I see you were having so much “fin” solving this “Guadian” puzzle that a couple of typos have crept in: you need to add I to DEB in HIDEBOUND and S to I in IDEALISE.
Thanks Picaroon and Andrew! I agree that this was good fun. I had to check IMSHI and SPICEBUSH (and indeed ICE for kill). Particularly liked TEASHOP and RHOTACISM.
The symmetry of CORNU and IMSHI is pleasing.
Thanks Picaroon and Andrew
I too found this difficult to start with – for quite some time I was staring at a grid with only 3 solutions filled in. HUSHER was my last.
I liked ONE-NIGHT STAND and HACKSAWS.
I didn’t like “ice” for “assassinate” or “dosser” for “good-for-nothing” – “dosser” refers to someone’s sleeping arrangements rather than their means or capabilities.
Thanks, Andrew.
Slow start and progress for me too – none in first time through! I can’t see why – they are all quite gettable, though did need 1ac and 20d explaining.
HUSHED, not HUSHER.
I wrote in SPENSER, ALLUVIA and DIRGE, then nothing else for quite a while.
Got there in the end, without aids, but I was grateful that it was possible to deduce ‘rhotacism’ from the wordplay, as it was a word I had not encountered (and I see that the spellchecker on my iPad doesn’t recognise it either).
Thanks for a great blog, Andrew, and Picaroon for another great puzzle.

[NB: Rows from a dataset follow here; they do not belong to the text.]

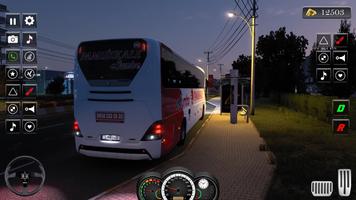 Euro Bus: Offline Bus Games 3D imagem de tela 2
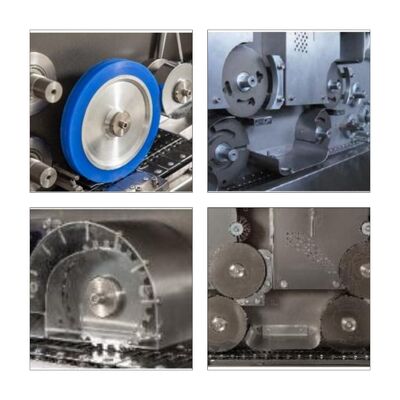 Compresor de aire farmacéutico de la impresora de la cápsula del registro de Duotone 40Pa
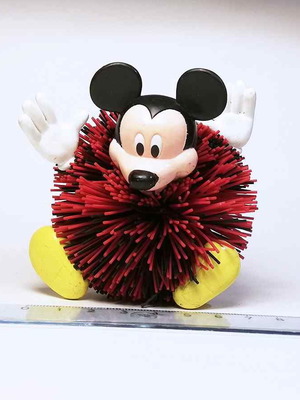 Mickey Mouse plastic figure used Disney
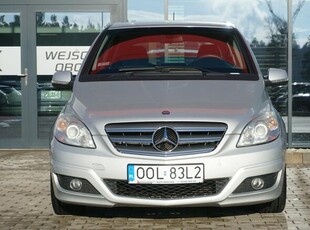 Mercedes B 180 8xAlu Grzane fotele Klima Elektryka Multifunkcja Bezwypadek Hak Serwis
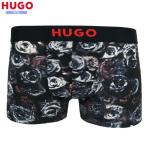  коробка нет HUGO боксеры Hugo Boss мужской бренд rose принт нейлон стрейч уголь 1203BE бесплатная доставка 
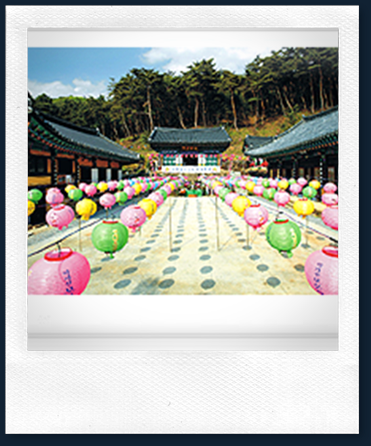 Bomun-sa Buddhist temple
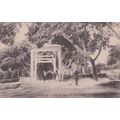 Ismailia The Bridge Of The Lock Antique Postcard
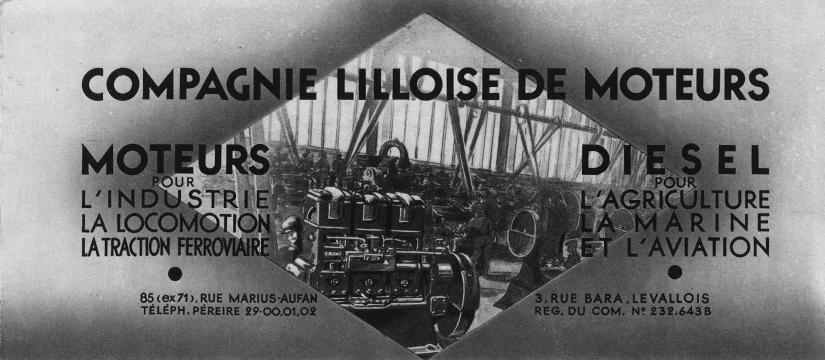 compagnie lilloise des moteurs diesel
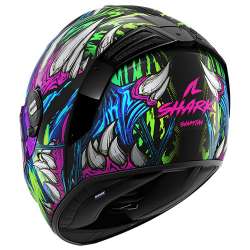 SHARK CASQUE INTÉGRAL SPARTAN RS SHAYTAN  MULTI  BRILLANT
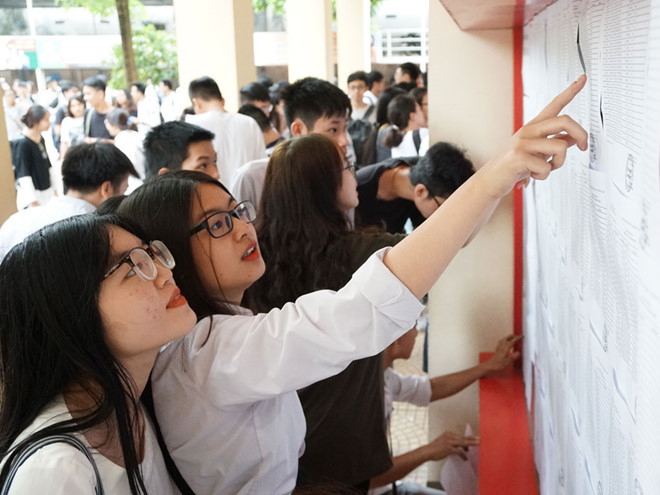 Thí sinh tham dự kỳ thi THPT quốc gia 2019. Kỳ thi như hiện nay sẽ thay đổi sau năm 2020 và 2024. Ảnh: Ngọc Thắng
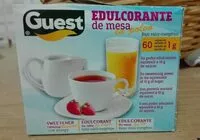 Mängden socker i Edulcolante de mesa en polvo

Lots of lovely clues: 12ac is a fine &lit, as Spenser invented the Spenserian stanza for ‘The Faerie Queene’, which he dedicated to Queen Elizabeth I. I also liked the dodgy dossier one – I don’t share muffin’s reservations: Collins gives ‘a lazy person’ for ‘dosser’, which will do me.
[I’m ashamed to say that my first thought for 6ac was HOLY, thinking, ‘That’s not very good, for Picaroon’ – I should have known better!]
@muffin (4)
I was often called a dosser at university and it certainly didn’t have anything to do with my sleeping arrangements! Not sure what the objection to the crossword staple “ice” (for assassinate) might be either.
Hi Eileen
I don’t have a Collins. Chambers gives:
dosser – a person who lodges in a dosshouse, or wherever they can, a vagrant
No mention of laziness! Out of interest, how many different dictionaries do people here use? I just Chambers and Google. (I do possess SOED, but almost never open it.)
Herb @ 9
I thought there might have been friendlier ways to clue “ice”. It was one of those that I could only explain “backwards” – I wouldn’t have thought “I must include ice in the solution”.
Hi muffin
I have a SOED which I bought because it was on offer in the seventies and a Collins, which I won for a Guardian prize. When I started blogging, I thought I’d better get a Chambers, since that was the one usually quoted, but, as I’ve said before, I prefer Collins, for several reasons. I like SOED for the etymology and quotations.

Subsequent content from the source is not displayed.